:: What is needed ::
Beginning with the line that has "Business woman at" and ending with the line that has "RALPH LAUREN PURPLE", retype the entries below exactly, except for the pictures.

[Captioned web images]
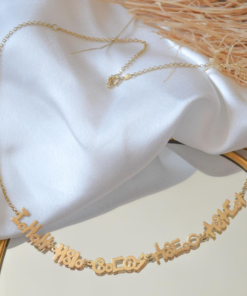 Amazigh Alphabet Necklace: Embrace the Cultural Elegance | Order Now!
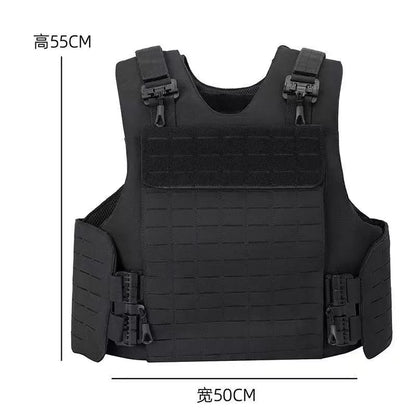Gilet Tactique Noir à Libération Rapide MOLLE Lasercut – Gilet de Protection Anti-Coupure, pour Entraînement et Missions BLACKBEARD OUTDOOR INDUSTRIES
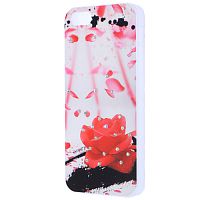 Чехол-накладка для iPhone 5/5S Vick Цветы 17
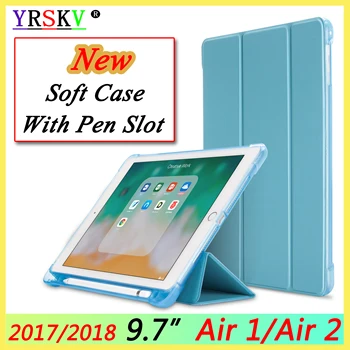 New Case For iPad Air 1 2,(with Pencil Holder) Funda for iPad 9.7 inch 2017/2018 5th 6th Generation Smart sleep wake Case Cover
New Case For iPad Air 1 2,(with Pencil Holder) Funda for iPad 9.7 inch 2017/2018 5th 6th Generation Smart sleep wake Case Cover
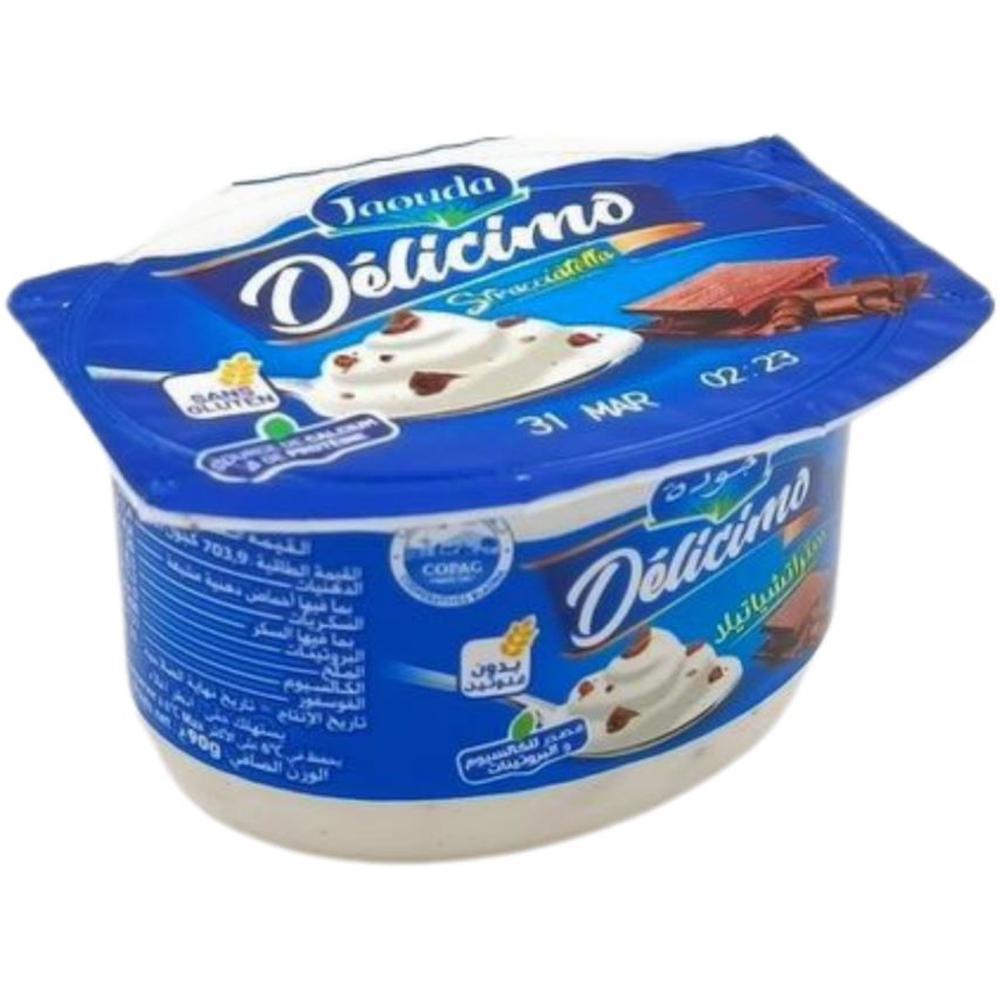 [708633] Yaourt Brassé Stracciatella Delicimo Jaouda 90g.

...

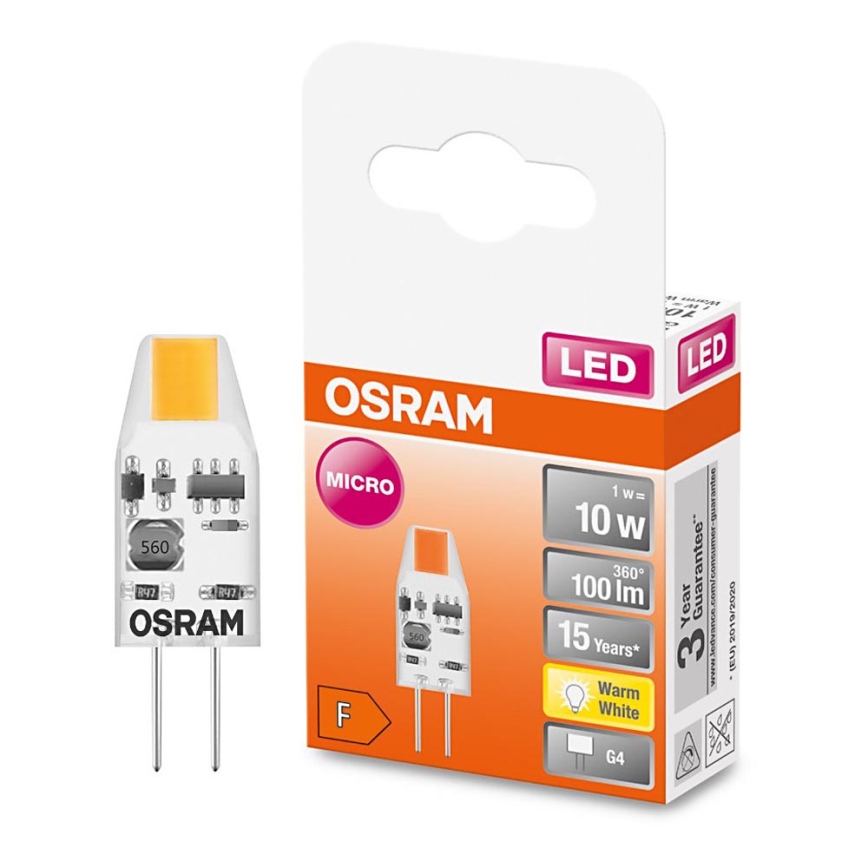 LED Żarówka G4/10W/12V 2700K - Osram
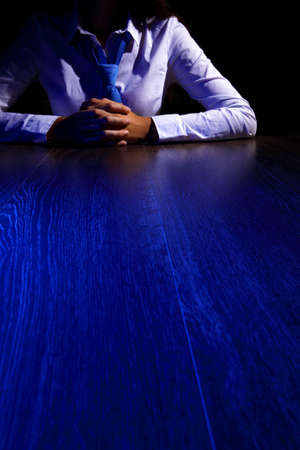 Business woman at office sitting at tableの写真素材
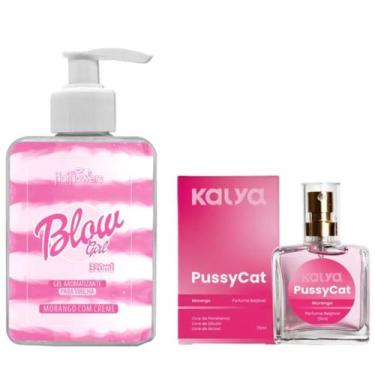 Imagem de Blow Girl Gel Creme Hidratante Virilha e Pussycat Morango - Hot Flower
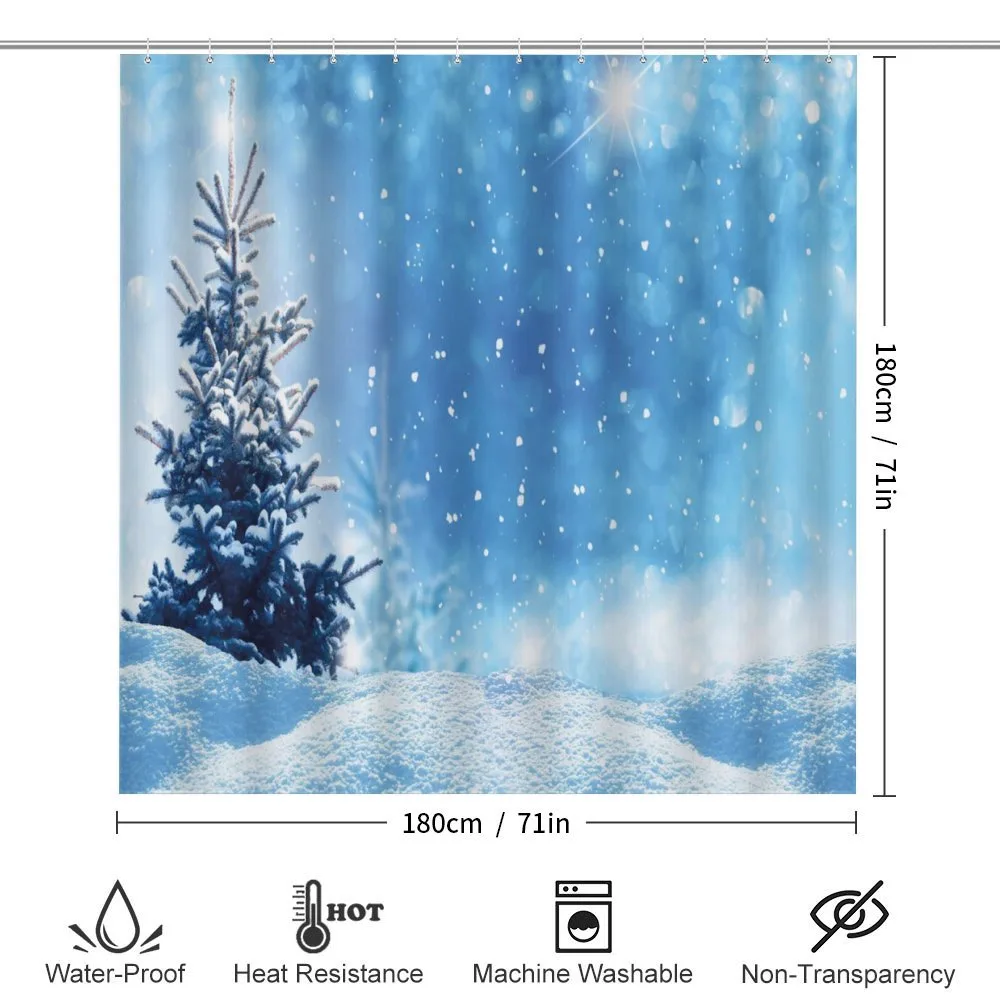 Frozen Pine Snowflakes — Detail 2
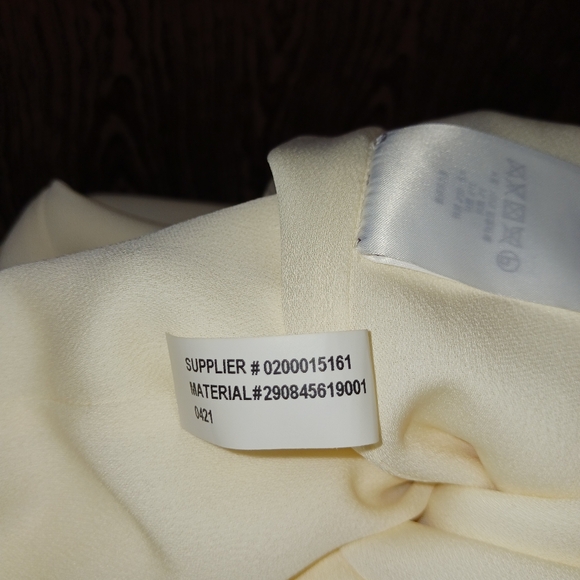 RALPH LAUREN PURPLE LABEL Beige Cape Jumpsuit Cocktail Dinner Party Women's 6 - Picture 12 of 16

:: Task result ::
 Business woman at office sitting at tableの写真素材
 Imagem de Blow Girl Gel Creme Hidratante Virilha e Pussycat Morango - Hot Flower
 Frozen Pine Snowflakes — Detail 2
 RALPH LAUREN PURPLE LABEL Beige Cape Jumpsuit Cocktail Dinner Party Women's 6 - Picture 12 of 16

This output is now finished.